Saturday, November 24, 2007

What an afrogeek reads




YO:

So I’m literate. Not like I know how to read, I don’t find that a proper definition of the word, but rather I’ve been doing nothing but reading since I put two in the back of the head of the televisual altar in my abode. And I’ve been staying true to the genre folks, re-instating my fugitive identity as afrogeek addicted to the word. So here’s a list of works that I’ve been consuming in the past three months, with mini reviews. Time to turn off the tvs and pick up some books…and guns. Oh yeah, the images are...well I couldn't think of any images so I just put up some stuff to remind all the black people reading this that at one point us reading was a capital offense. Homie right above, he was just trying to take some time off to read a poem is girl sent him. Now look how they did him. Just for reading a poem. Seriously though, don't take the images too seriously.

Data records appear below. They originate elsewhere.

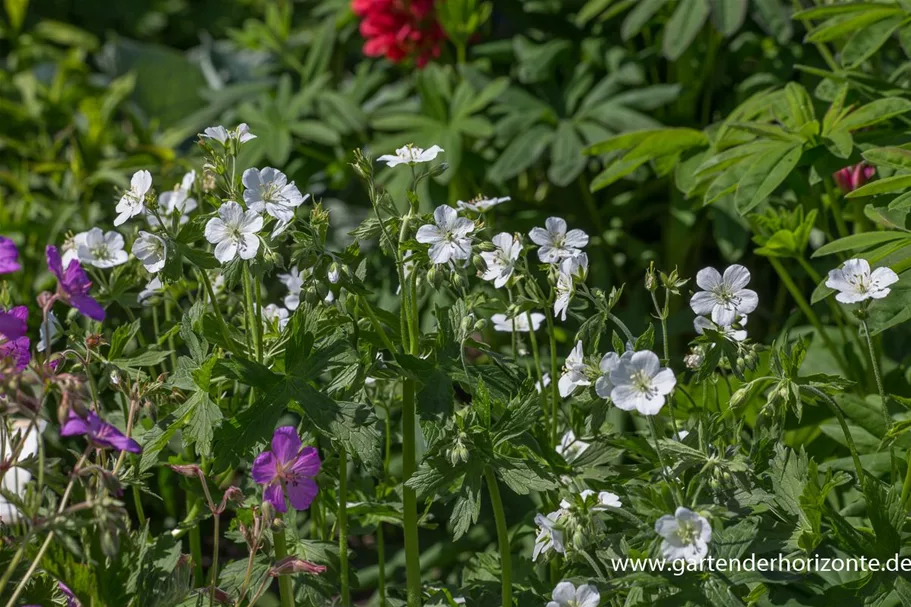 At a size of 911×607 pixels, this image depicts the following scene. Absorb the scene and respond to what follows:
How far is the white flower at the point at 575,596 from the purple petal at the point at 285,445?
29cm

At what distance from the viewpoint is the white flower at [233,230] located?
3.30 feet

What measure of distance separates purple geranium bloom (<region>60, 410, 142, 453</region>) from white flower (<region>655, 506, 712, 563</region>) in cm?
48

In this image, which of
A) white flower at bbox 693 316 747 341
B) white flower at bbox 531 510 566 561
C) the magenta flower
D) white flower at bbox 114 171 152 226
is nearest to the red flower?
the magenta flower

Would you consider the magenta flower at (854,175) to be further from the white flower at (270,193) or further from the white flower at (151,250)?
the white flower at (151,250)

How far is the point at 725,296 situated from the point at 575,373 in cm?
19

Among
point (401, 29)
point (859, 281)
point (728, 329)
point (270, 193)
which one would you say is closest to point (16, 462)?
point (270, 193)

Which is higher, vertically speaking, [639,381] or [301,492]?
[639,381]

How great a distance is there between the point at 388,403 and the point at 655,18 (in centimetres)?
120

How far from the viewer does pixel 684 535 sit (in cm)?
91

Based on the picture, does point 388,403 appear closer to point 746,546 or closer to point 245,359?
point 245,359

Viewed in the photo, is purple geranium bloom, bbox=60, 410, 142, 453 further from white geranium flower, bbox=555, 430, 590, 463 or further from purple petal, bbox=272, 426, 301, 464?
white geranium flower, bbox=555, 430, 590, 463

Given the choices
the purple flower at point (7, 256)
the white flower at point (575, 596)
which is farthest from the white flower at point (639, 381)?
the purple flower at point (7, 256)

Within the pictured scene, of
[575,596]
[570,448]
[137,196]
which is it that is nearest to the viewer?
[575,596]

Chocky- Here’s the problem with American sci-fi, its not as good as British stuff from fifty years ago. In about 150 pages, Wyndham challenges the notion of imaginary friends and creatures from other planets. It has the potential to be extremely creepy but ends up being surprisingly tender.

The Midwich cookoos
-Turns out Grant Morrison didn’t make up the Stepford Cookoos. Also turns out that John Wydnham should’ve been what I was reading growing up. I always knew there was something definitely fucked up about the Suburbs. Funny thing about the Midwich cookoos is it trips on this very surreal sort of anxiety about sameness. Similar to the need for multiple renditions of “Little Boxes” at the beginning of Weeds, to illustrate that while everything may look the same, they are actually different, Midwich offers the frightening possibility that there is no difference amongst the super washed.

Terminal-Vachss is what all hardcore zealots wish they were, a life long soldier in a battle against this enemies, any deranged lunatic who thinks abusing kids is a good idea. I’m honored to say that I’ve read every book this man has put out and I’ve even had lunch with him. I promised myself I wouldn’t contact him again until I’d publish something worthy of his eyes. With Terminal he’s raised the bar yet again. Old friends get hurt and new folks enter the periphery of the family known as the Children of the Secret. Vachss writes the hard core legacy that Hammet and Spillane only saw in their nightmares. It’s not sensational, No LA Law type bullshit. It’s the real talk. Read him and learn him.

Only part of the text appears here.